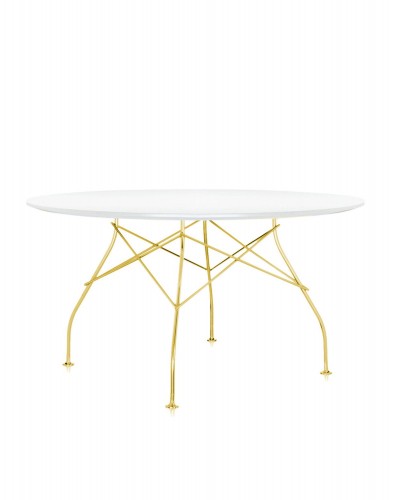Стол Glossy (белый/золотой) диаметр 130см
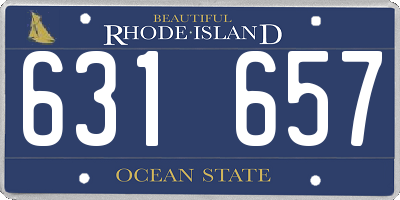 RI license plate 631657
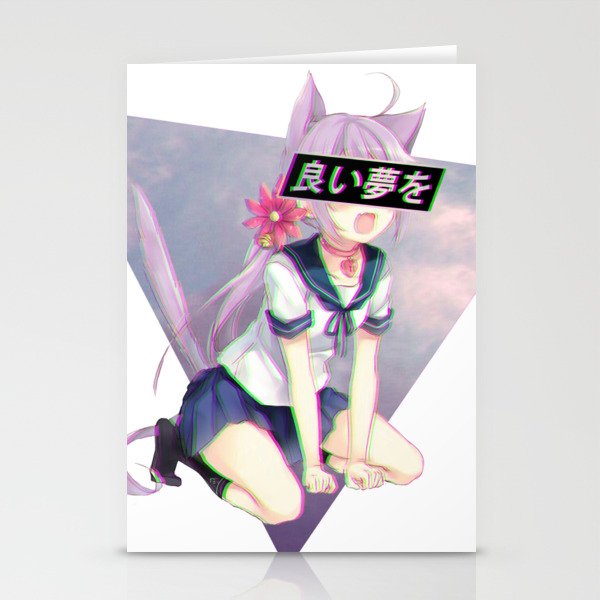 Cat Girl Neko Glitch Sad Japanese Anime Aesthetic Stationery Cards By Poser Boy Society6 A collection of the top 40 anime glitch wallpapers and backgrounds available for download for free. cat girl neko glitch sad japanese anime aesthetic stationery cards by poser boy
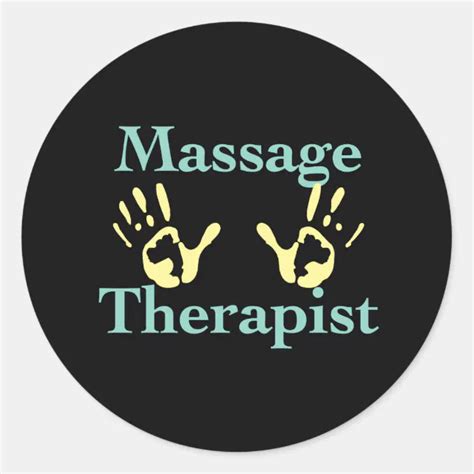 Massage Therapist Yellow Hand Prints Classic Round Sticker Zazzle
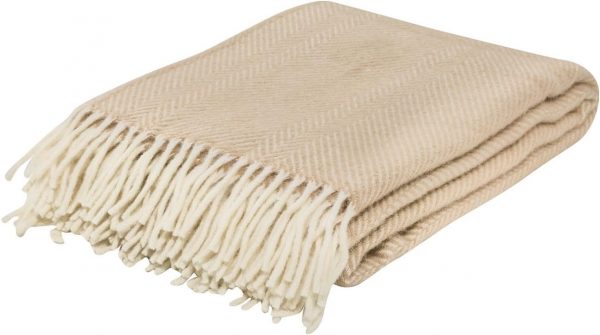 Wolldecke Fischgrätmuster – 100 % Schurwolle, Woolmark-zertifiziert, 130 x 200 cm, Scandi Stil, sand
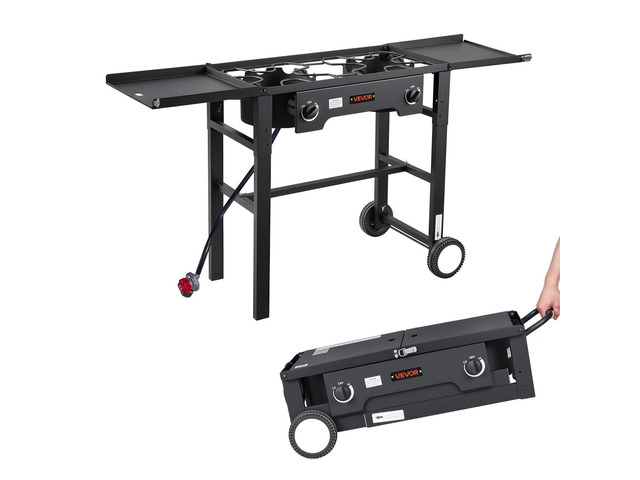 VEVOR 2 Burner Outdoor Propane Gas Stove, 150,000 BTU Propane LPG Gas Camping Stove, Foldable Heavy-duty Carbon Steel Outdoor Cooker, with Wheels &...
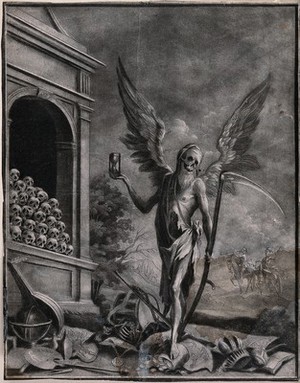 view A winged figure of Death stands on top of a selection of worldly goods and holds an hourglass and a scythe. Mezzotint.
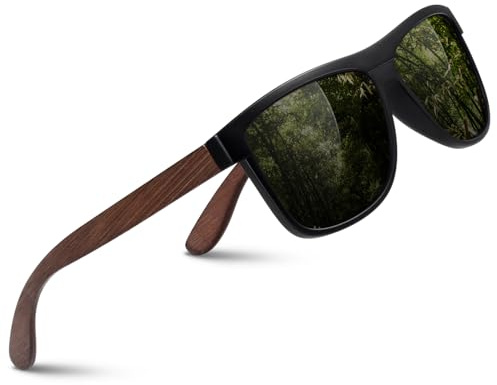 CGID Sonnenbrille Herren Damen Bambus Polarisiert Brillengläser UV400-Schutz CAT3 CE M07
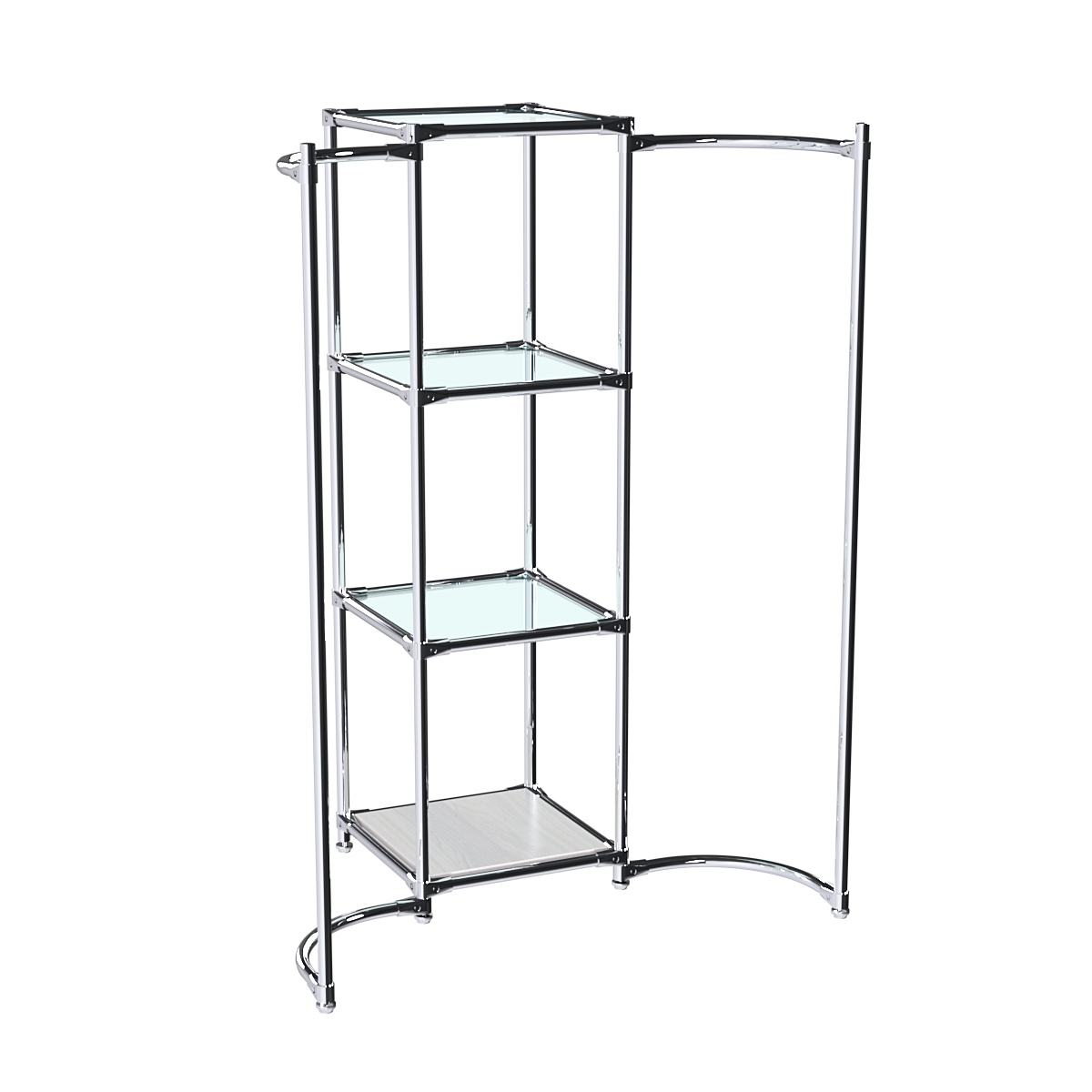 Хромированное вешало ВОЛНА №2-1 с полками стекло 6мм Ясень Анкор светлый - U31104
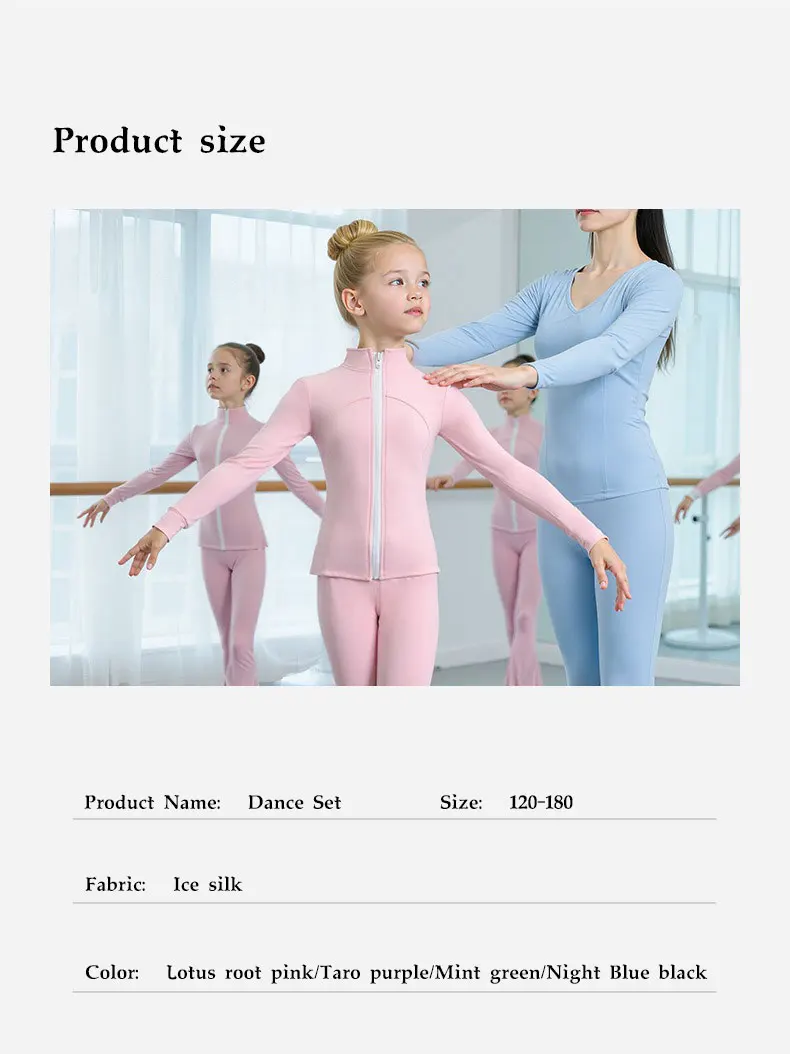 Tanz-Übungsoutfit für Kinder für Kunststudenten, schlankmachender Sportanzug mit Faltenhose, Laufanzug mit Reißverschluss – Detail 10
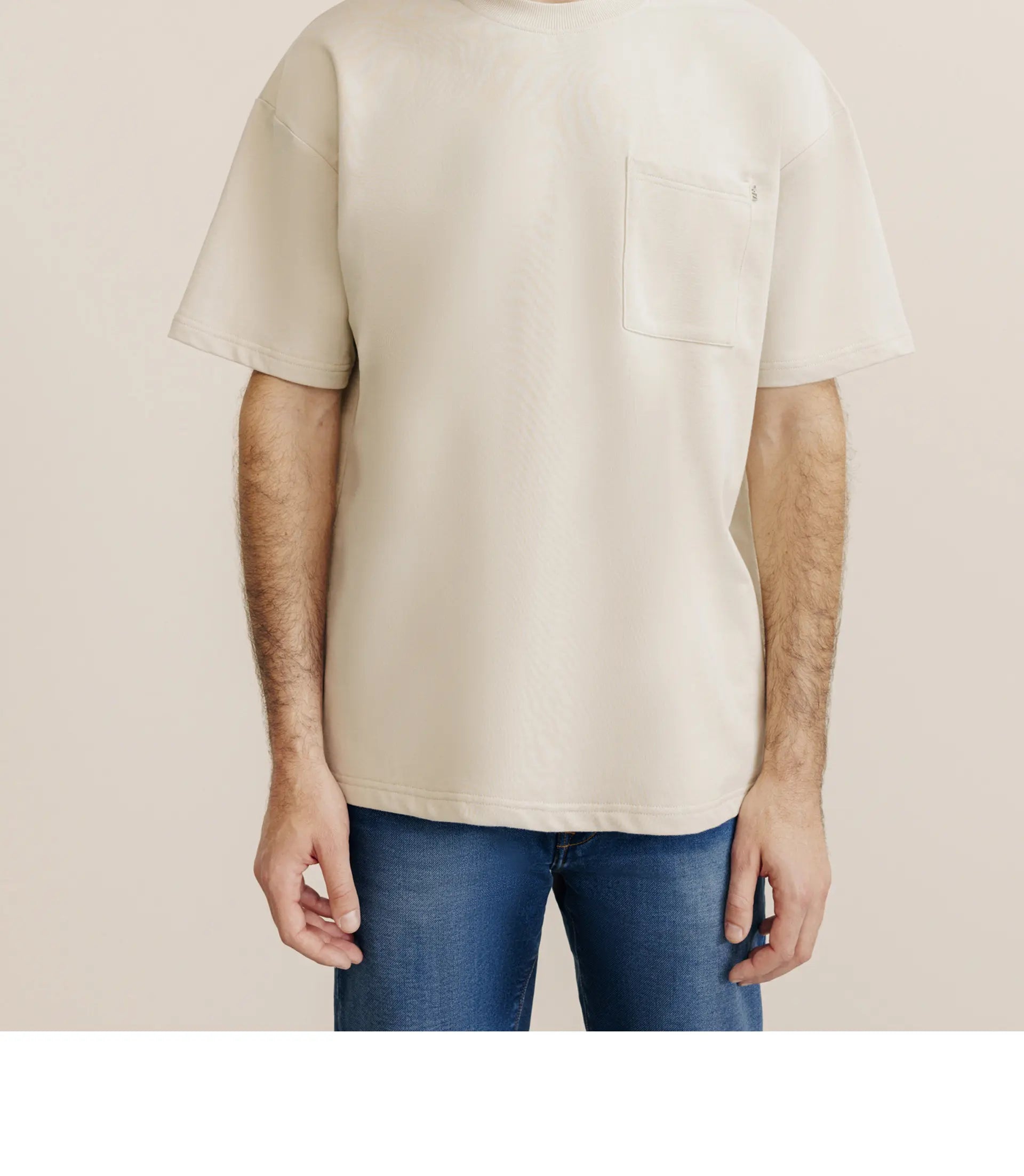 T-shirt uni oversize col rond beige - IZAC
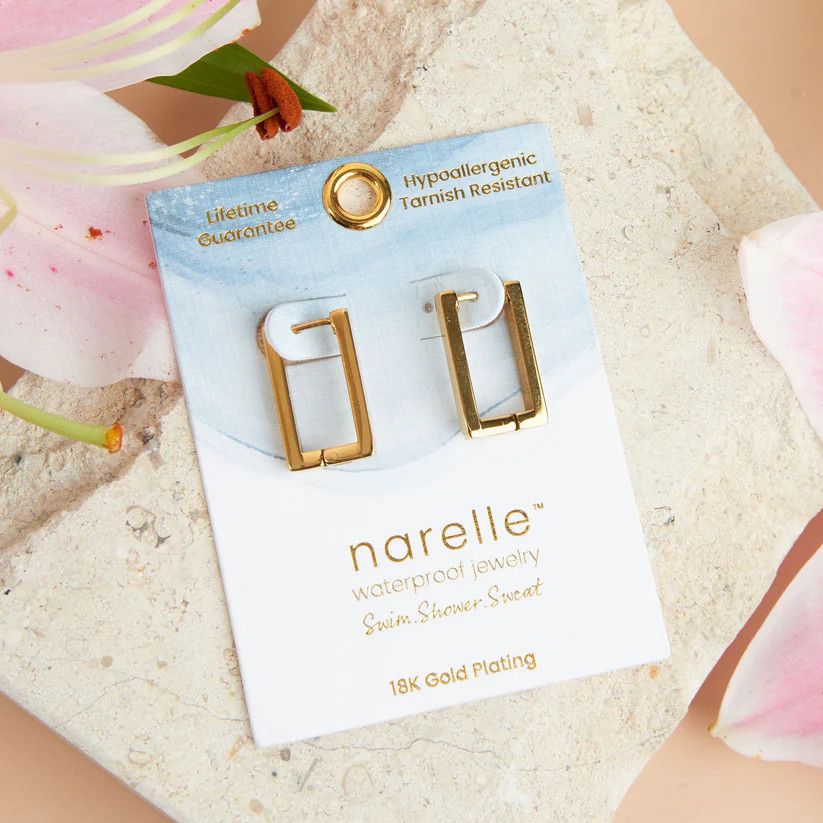 NARELLE RECTANGLE PIN CATCH EARRING HOOP GOLD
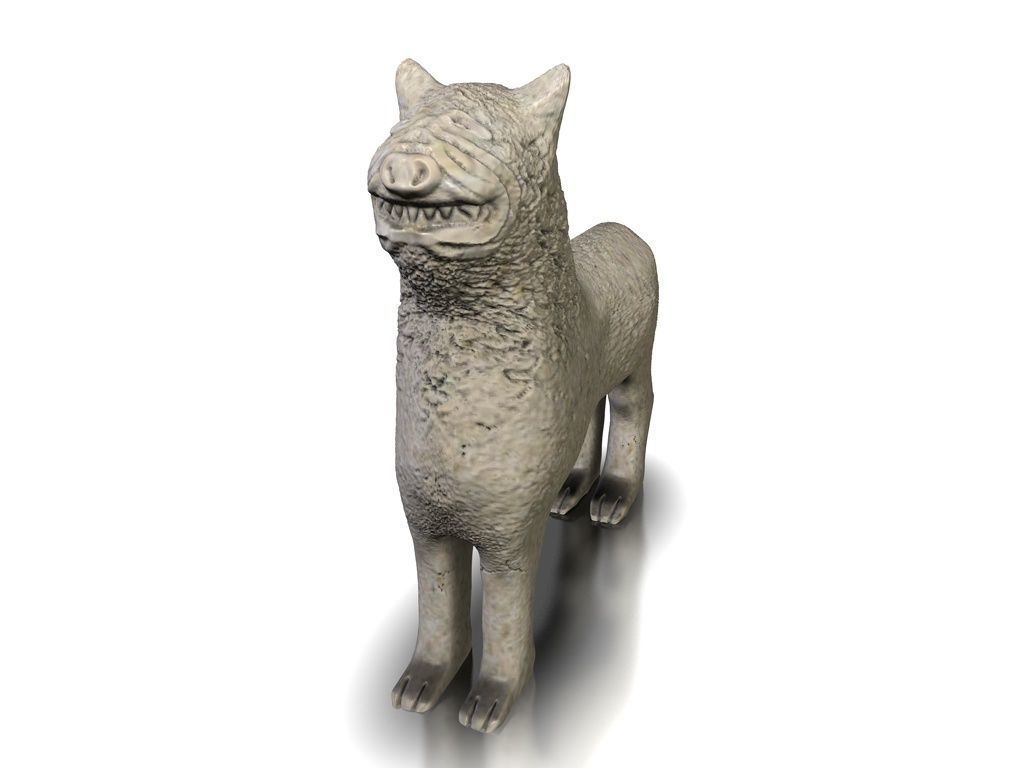 Stone fountain with lions Low-poly 3D model_8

####################

- _TASK STATEMENT_
Would you please reproduce the entries above, starting at the line with "Wolldecke Fischgrätmuster –" and stopping after the line with "Хромированное вешало ВОЛНА"? Omit any pictures.

- _COMPLETED EXERCISE_
 Wolldecke Fischgrätmuster – 100 % Schurwolle, Woolmark-zertifiziert, 130 x 200 cm, Scandi Stil, sand
 VEVOR 2 Burner Outdoor Propane Gas Stove, 150,000 BTU Propane LPG Gas Camping Stove, Foldable Heavy-duty Carbon Steel Outdoor Cooker, with Wheels &...
 view A winged figure of Death stands on top of a selection of worldly goods and holds an hourglass and a scythe. Mezzotint.
 CGID Sonnenbrille Herren Damen Bambus Polarisiert Brillengläser UV400-Schutz CAT3 CE M07
 Хромированное вешало ВОЛНА №2-1 с полками стекло 6мм Ясень Анкор светлый - U31104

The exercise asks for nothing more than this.